British mathematician

Arthur Ernest Jolliffe (23 January 1871 - 17 March 1944) was a British mathematician.

==Life==
Arthur Ernest Jolliffe was born at 39 Cardigan Street in the Jericho area of Oxford on 23 January 1871, the youngest son of Henry Jolliffe and Anne Speller. His father, who was a house painter, died just after Arthur's fifth birthday, and his mother went out to service: in 1881 when she was aged 50 she was working for a lady at 11 Warnborough Road in north Oxford, and Arthur lived with her there.
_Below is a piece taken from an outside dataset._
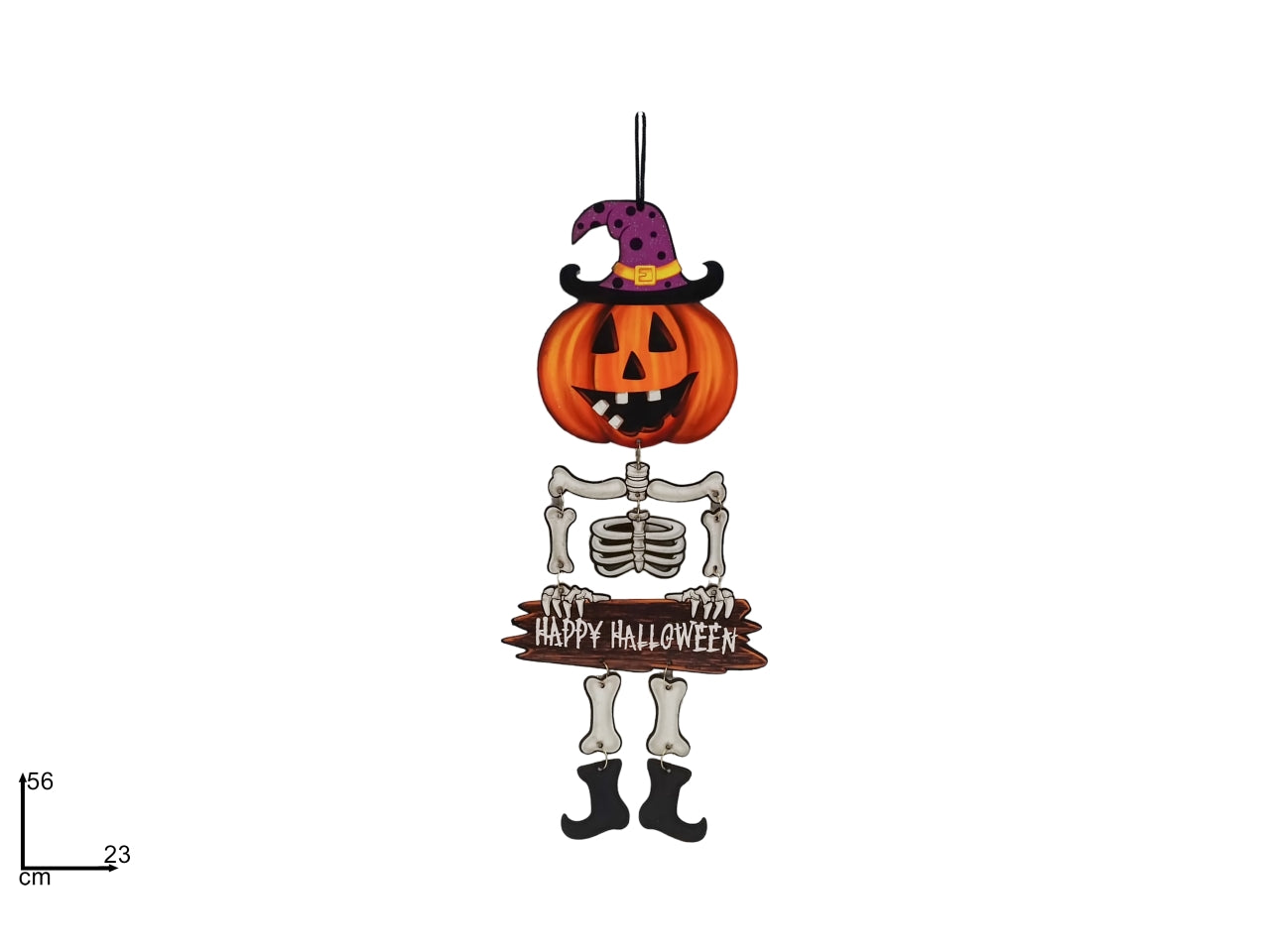 Pendente scheletro con testa di zucca halloween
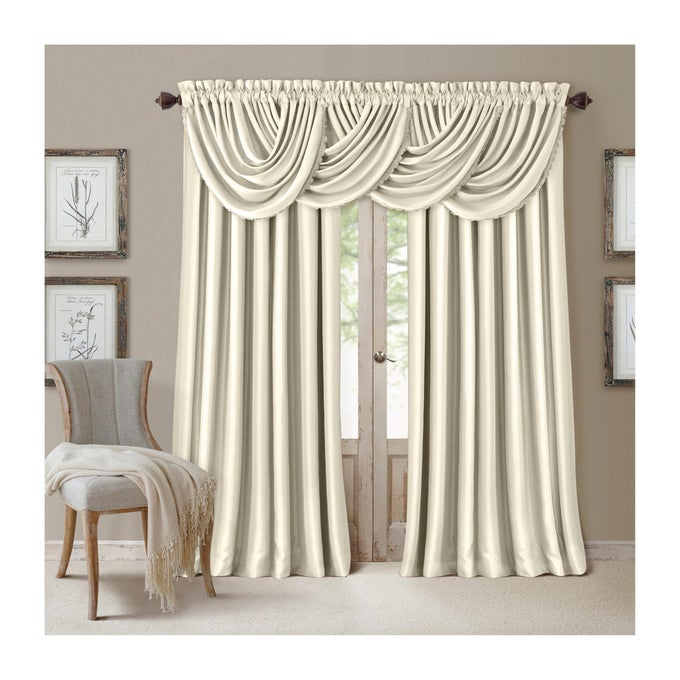 HOME FASHIONS ALL SEASONS ENERGY EFFICIENT ROOM DARKENING ROD POCKET WINDOW PANEL 52 X 108 1 IVORY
He was educated at the City of Oxford School and Balliol College, Oxford, gaining a First in Mathematics in 1891. He was a fellow of Corpus Christi College, Oxford, from 1891 to 1920, and was also an assistant tutor at Jesus College, Oxford, from 1903 to 1920. He was then appointed as Professor of Mathematics at the University of London, retiring in 1936. He was made an Honorary Fellow of Corpus Christi College in 1931 and of Jesus College in 1934. For many years he was an external examiner in mathematical physics for the National University of Ireland (NUI).

He was known more for the high quality of his teaching than for mathematical research. However, one of his papers, on uniform convergence of trigonometric series, remains well cited. He was also a contributor to the Encyclopædia Britannica.

On 1 July 1899 at
St Paul's Church, Oxford he married Eliza Ostler of 14 Walton Crescent, the daughter of the tailor James Ostler, and they had three children.

Jolliffe died on 17 March 1944 in Oxford, and was buried in St Sepulchre's Cemetery, Walton Street.